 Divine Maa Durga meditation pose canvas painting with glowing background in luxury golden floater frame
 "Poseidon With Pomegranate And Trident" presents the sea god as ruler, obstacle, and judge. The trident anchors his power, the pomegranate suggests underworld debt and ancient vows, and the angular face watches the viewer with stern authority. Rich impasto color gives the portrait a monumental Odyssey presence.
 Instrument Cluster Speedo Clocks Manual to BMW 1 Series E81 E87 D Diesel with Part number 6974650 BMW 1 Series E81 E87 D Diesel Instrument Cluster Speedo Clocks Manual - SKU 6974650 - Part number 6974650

* * *

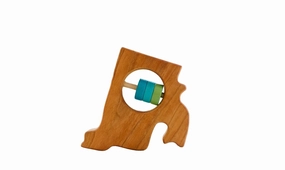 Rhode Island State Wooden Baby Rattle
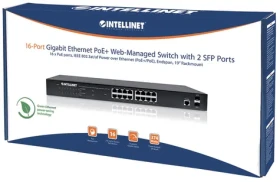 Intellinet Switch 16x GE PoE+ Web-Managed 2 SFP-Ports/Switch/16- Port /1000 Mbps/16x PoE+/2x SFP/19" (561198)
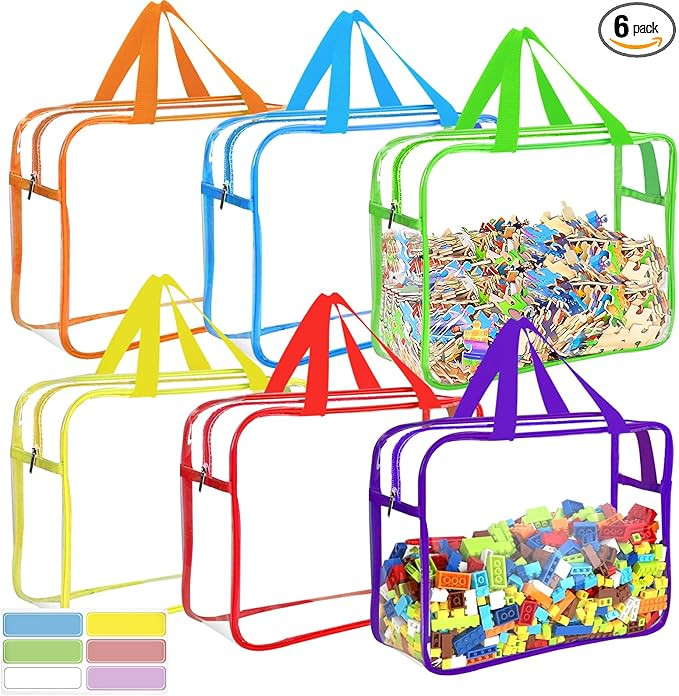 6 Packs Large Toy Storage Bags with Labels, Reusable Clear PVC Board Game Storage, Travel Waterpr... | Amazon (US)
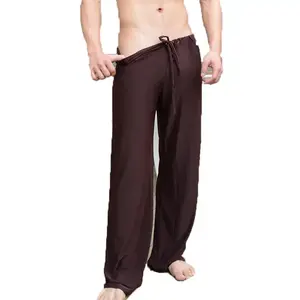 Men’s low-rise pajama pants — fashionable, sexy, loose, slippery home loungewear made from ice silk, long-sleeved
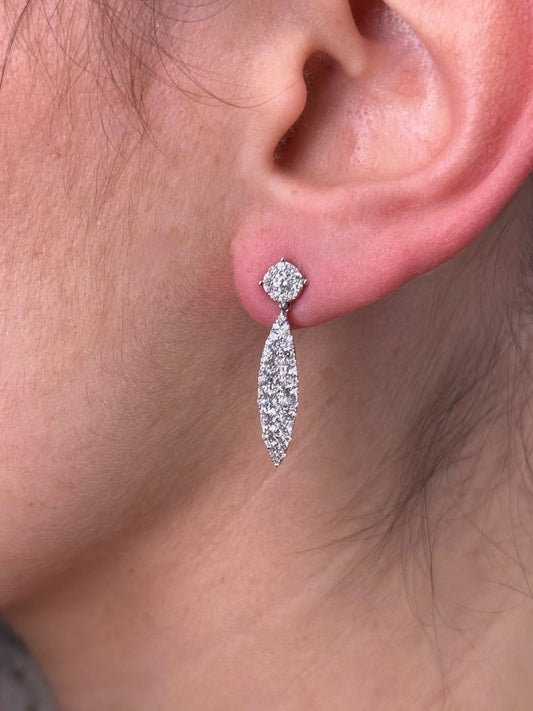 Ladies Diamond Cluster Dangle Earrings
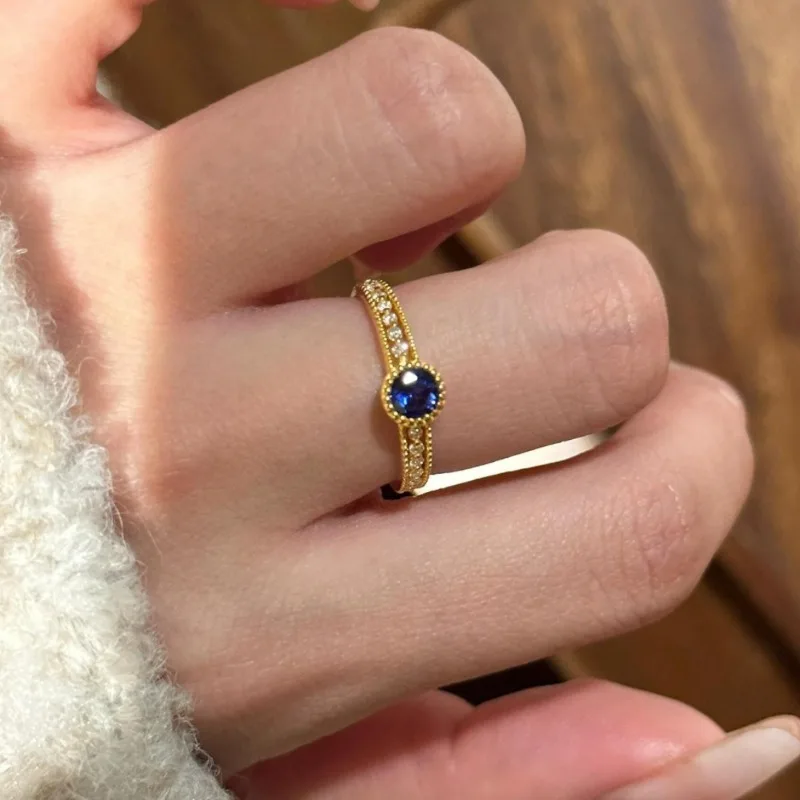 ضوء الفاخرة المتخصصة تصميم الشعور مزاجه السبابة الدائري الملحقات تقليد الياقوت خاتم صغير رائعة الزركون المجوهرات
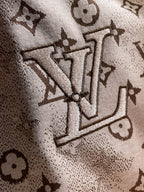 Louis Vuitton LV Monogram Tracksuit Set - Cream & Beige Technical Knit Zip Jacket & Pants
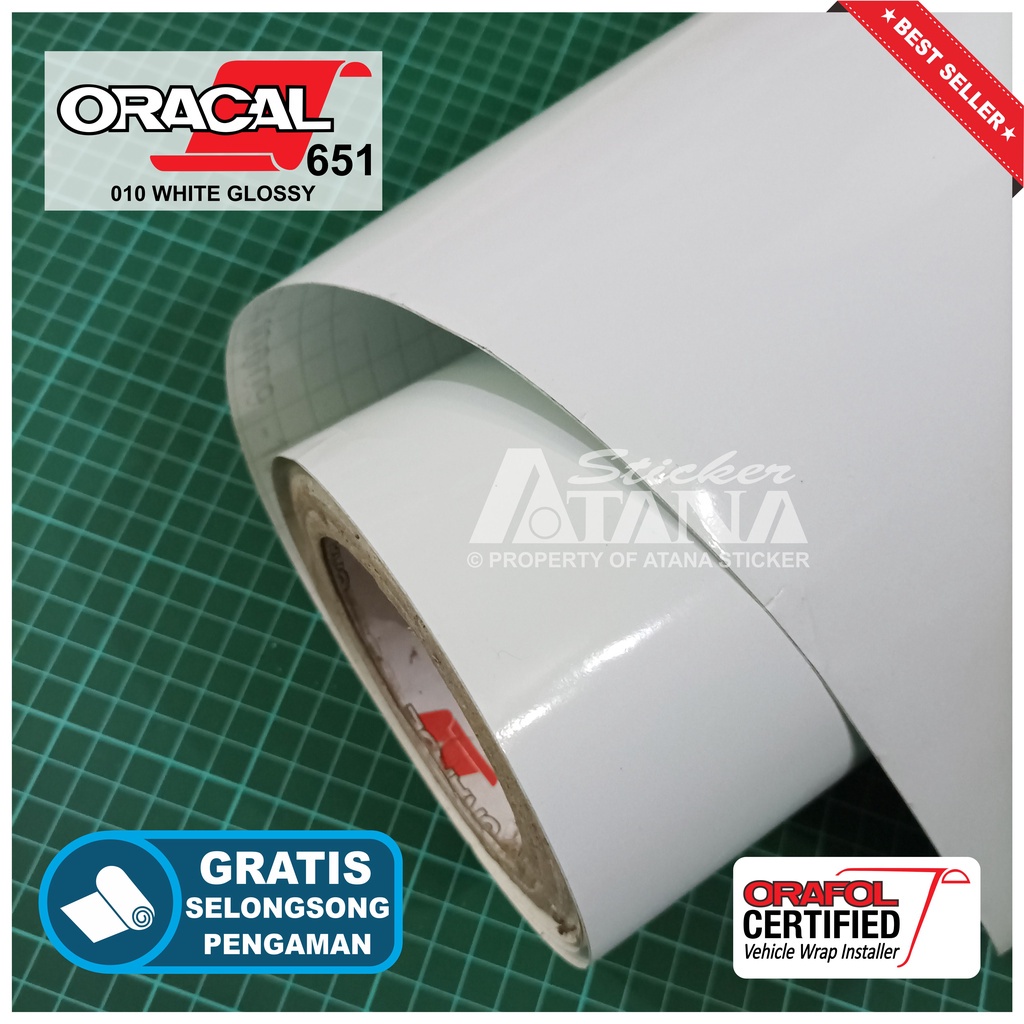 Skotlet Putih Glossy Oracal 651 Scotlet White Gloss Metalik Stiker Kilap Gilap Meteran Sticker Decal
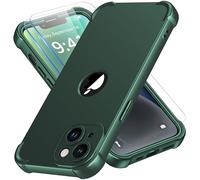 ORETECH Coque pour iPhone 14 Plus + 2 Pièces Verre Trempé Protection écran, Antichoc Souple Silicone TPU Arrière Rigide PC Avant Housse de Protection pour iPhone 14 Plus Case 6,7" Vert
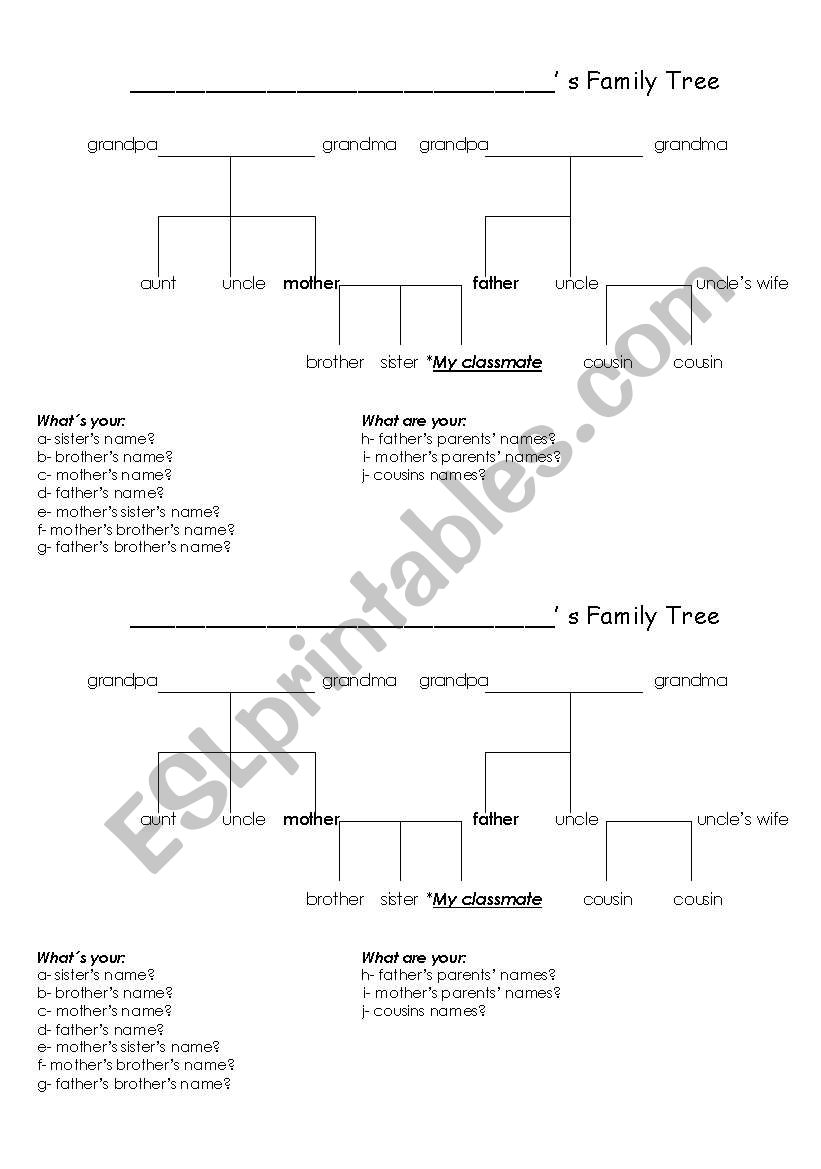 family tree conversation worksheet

---

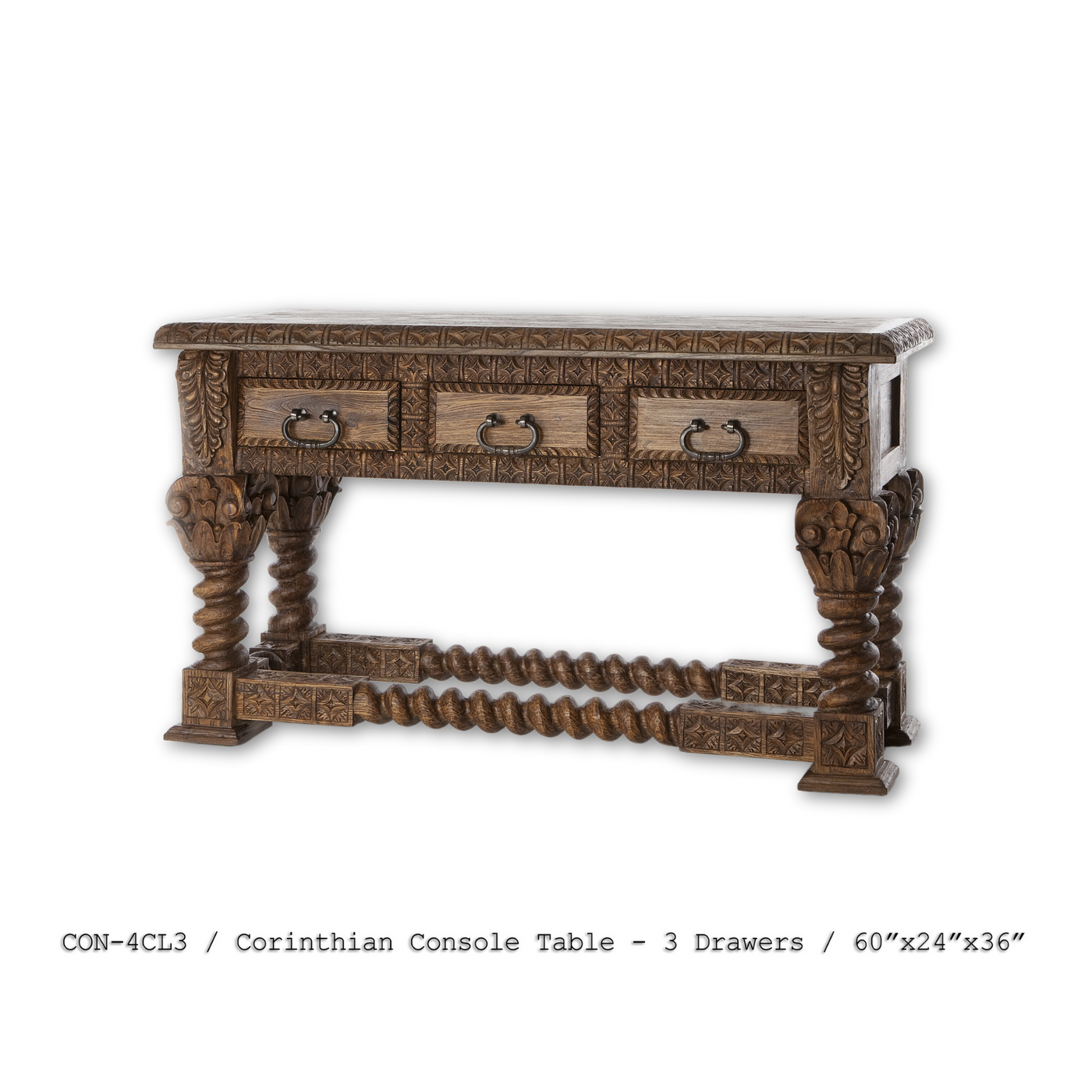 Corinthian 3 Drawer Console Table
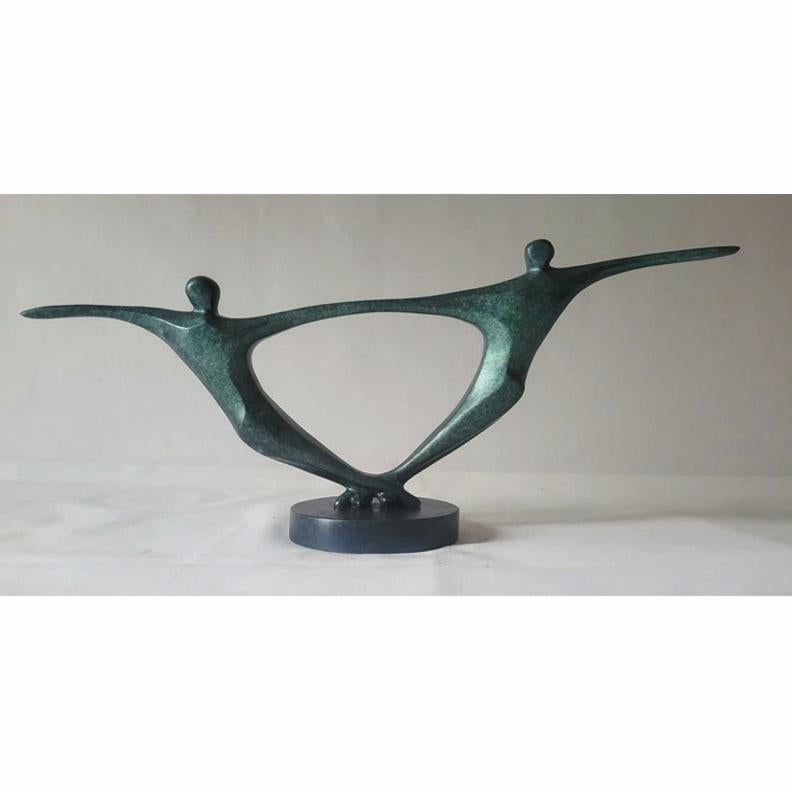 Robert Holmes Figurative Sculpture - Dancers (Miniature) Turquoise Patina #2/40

- **Work task**: Output the lines above between the one holding "Divine Maa Durga" and the one holding "monumental Odyssey presence.", inclusive, with nothing before or after them.

- **Solution for this problem**:
 Divine Maa Durga meditation pose canvas painting with glowing background in luxury golden floater frame
 "Poseidon With Pomegranate And Trident" presents the sea god as ruler, obstacle, and judge. The trident anchors his power, the pomegranate suggests underworld debt and ancient vows, and the angular face watches the viewer with stern authority. Rich impasto color gives the portrait a monumental Odyssey presence.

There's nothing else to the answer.